[Dataset excerpts]
^^^^^^^^

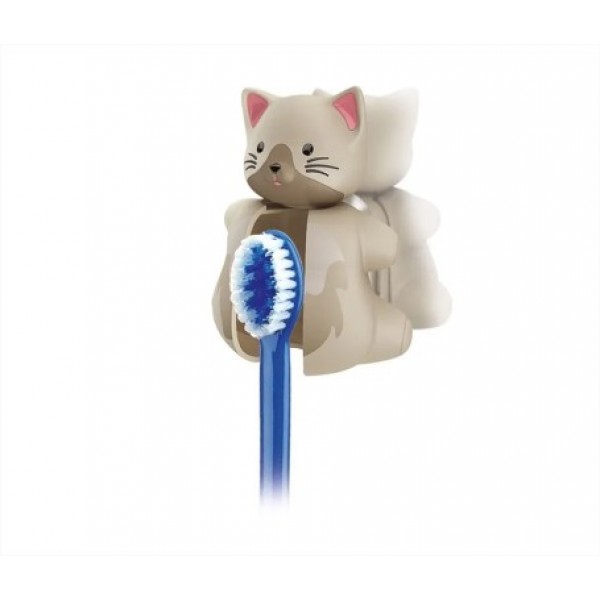 Funny Animals - Gato Funny Animals - Gato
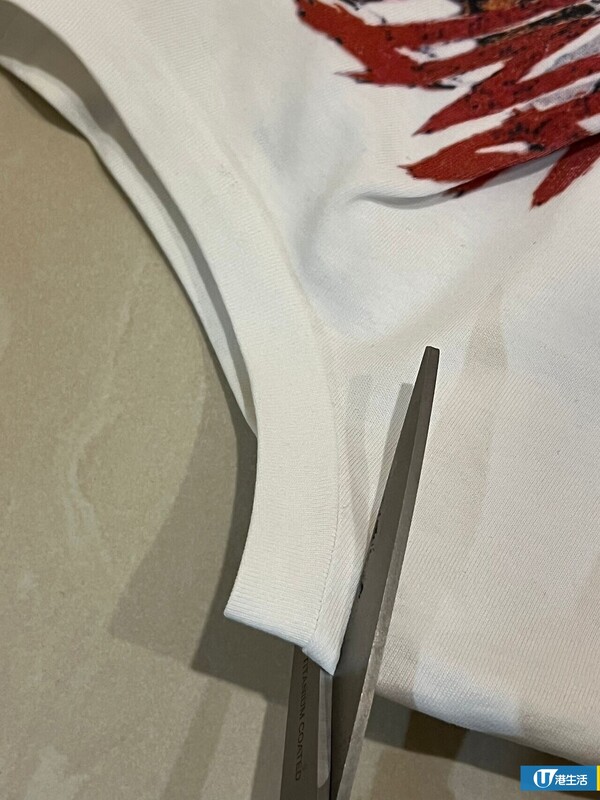 紙袋太多點處理？日本網民激推3大隱藏用法：變「雪櫃收納」極慳位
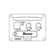 Ibanez AUP10FMNE: Picture 4 thumbnail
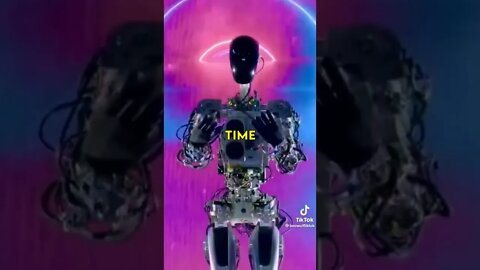So it beings 💀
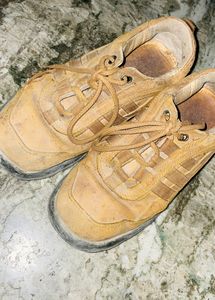 Red Chief Shoe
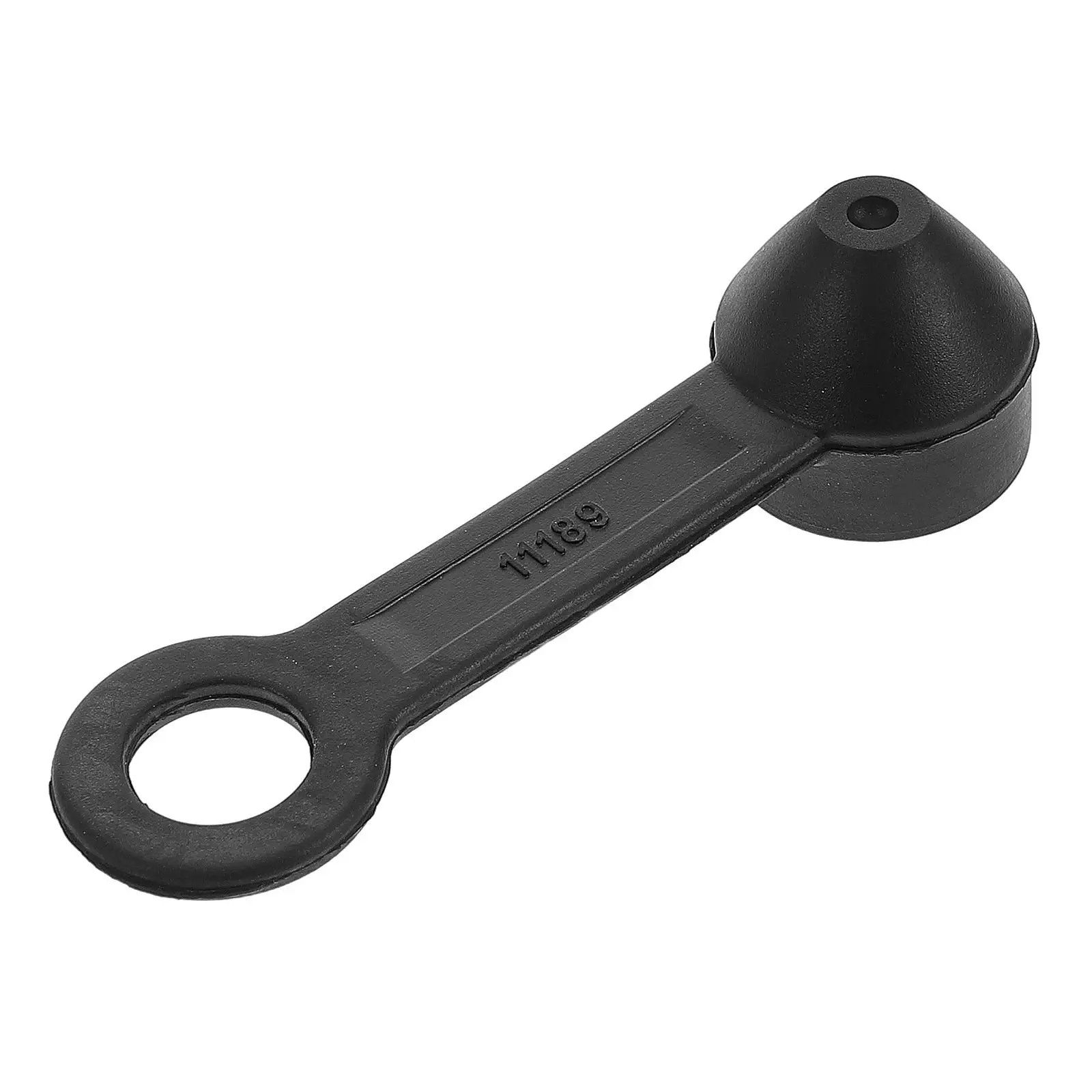 1PC Level 1 Dust Cover Diving Regulator Cap Bracket Protector Rubber TPE Tank Accessories Waterproof EPDM Material Snorkeling
1PC Level 1 Dust Cover Diving Regulator Cap Bracket Protector Rubber TPE Tank Accessories Waterproof EPDM Material Snorkeling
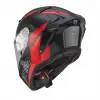 Caberg Drift Evo 2 Carbon Nova Red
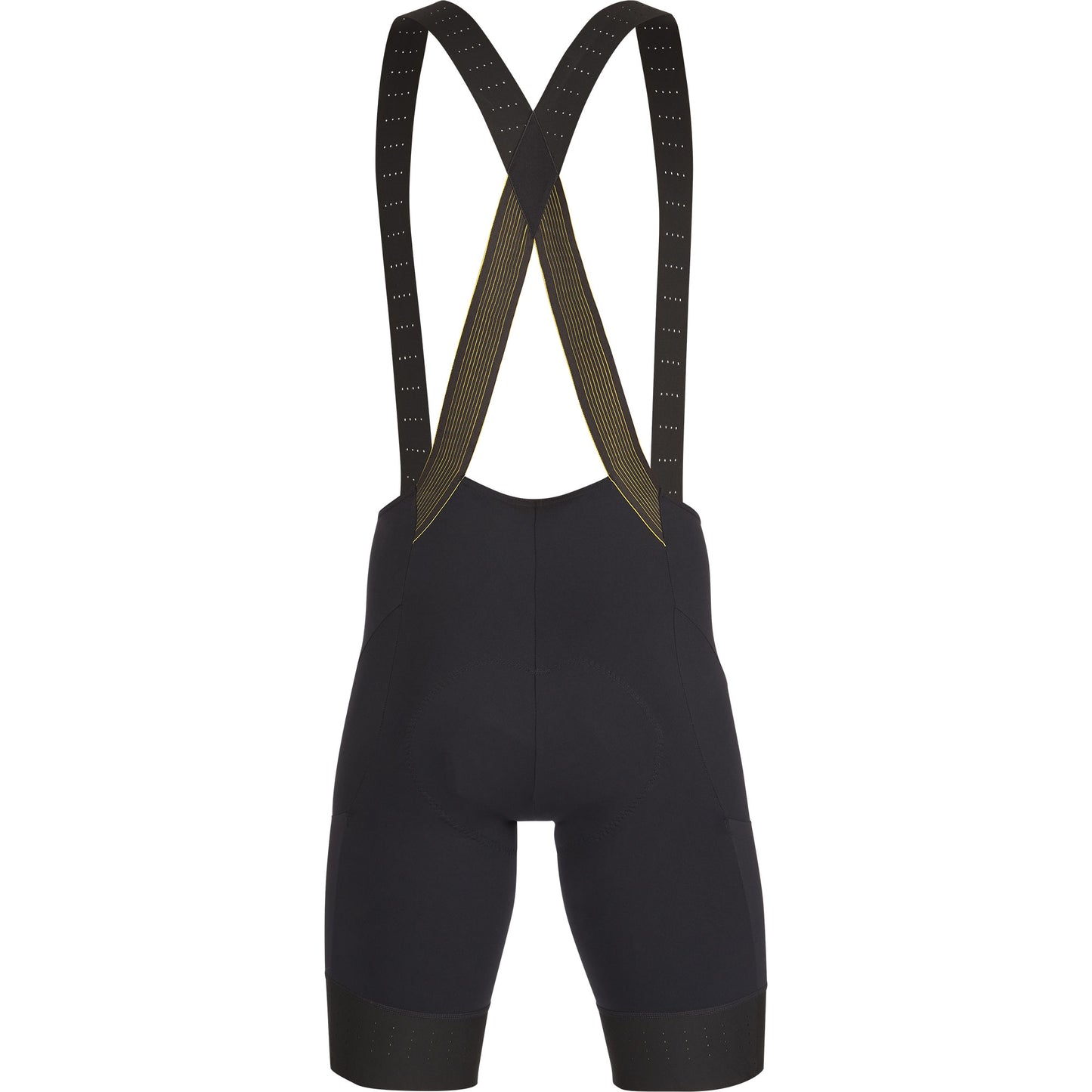Mavic Allroad Bibshorts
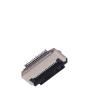 FFC05021-16SBB123W5M  Connectors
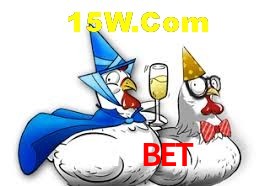 Secure Login 7775Bet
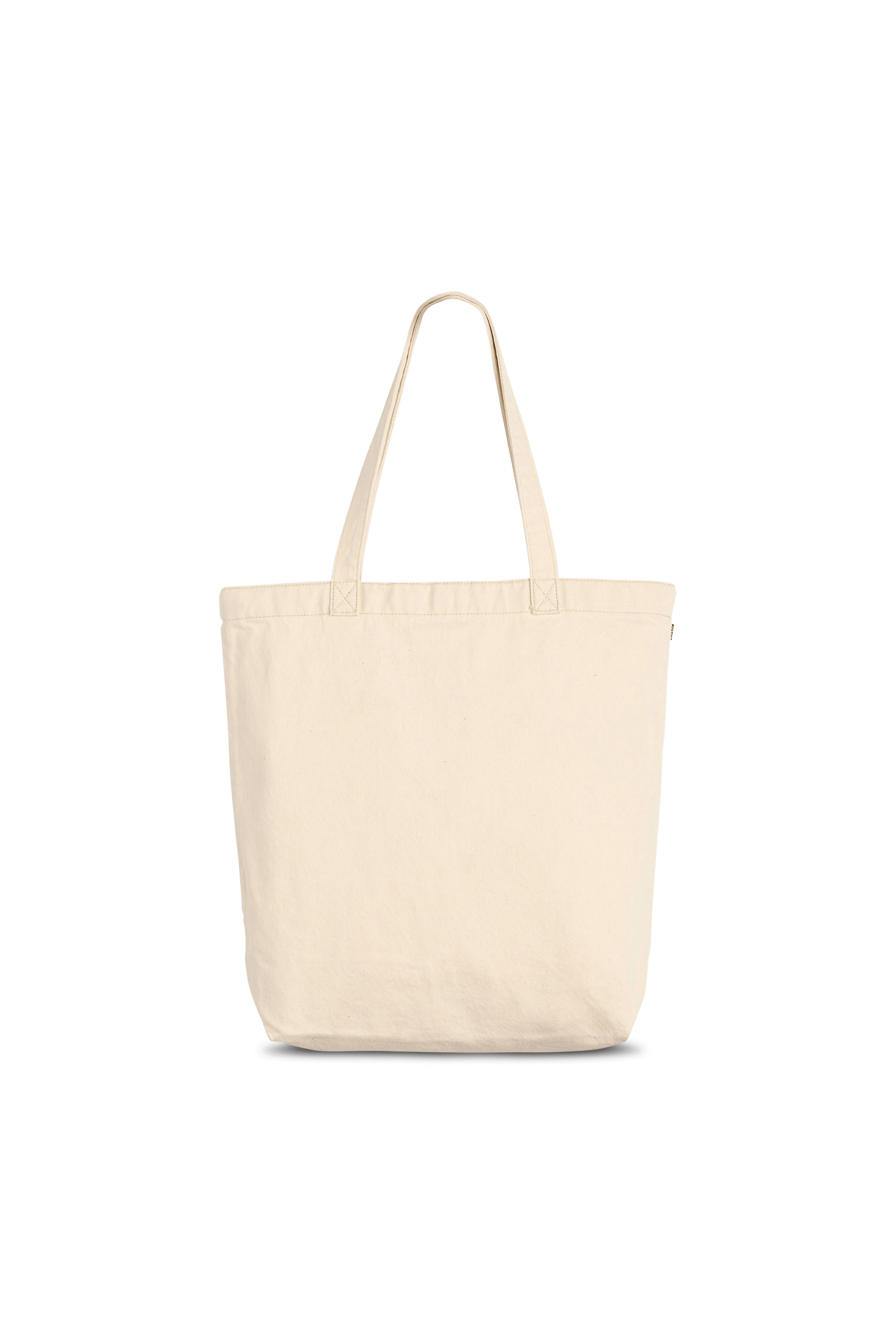 Sac | Blanc LEVI'S Homme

^^^^^^^^

## Assignment
Each entry above has to be set down again verbatim, except for its pictures.

## Answer box
 Funny Animals - Gato Funny Animals - Gato
 紙袋太多點處理？日本網民激推3大隱藏用法：變「雪櫃收納」極慳位
 Ibanez AUP10FMNE: Picture 4 thumbnail
So it beings 💀
 Red Chief Shoe
 1PC Level 1 Dust Cover Diving Regulator Cap Bracket Protector Rubber TPE Tank Accessories Waterproof EPDM Material Snorkeling
1PC Level 1 Dust Cover Diving Regulator Cap Bracket Protector Rubber TPE Tank Accessories Waterproof EPDM Material Snorkeling
 Caberg Drift Evo 2 Carbon Nova Red
Mavic Allroad Bibshorts
 FFC05021-16SBB123W5M  Connectors
 Secure Login 7775Bet
 Sac | Blanc LEVI'S Homme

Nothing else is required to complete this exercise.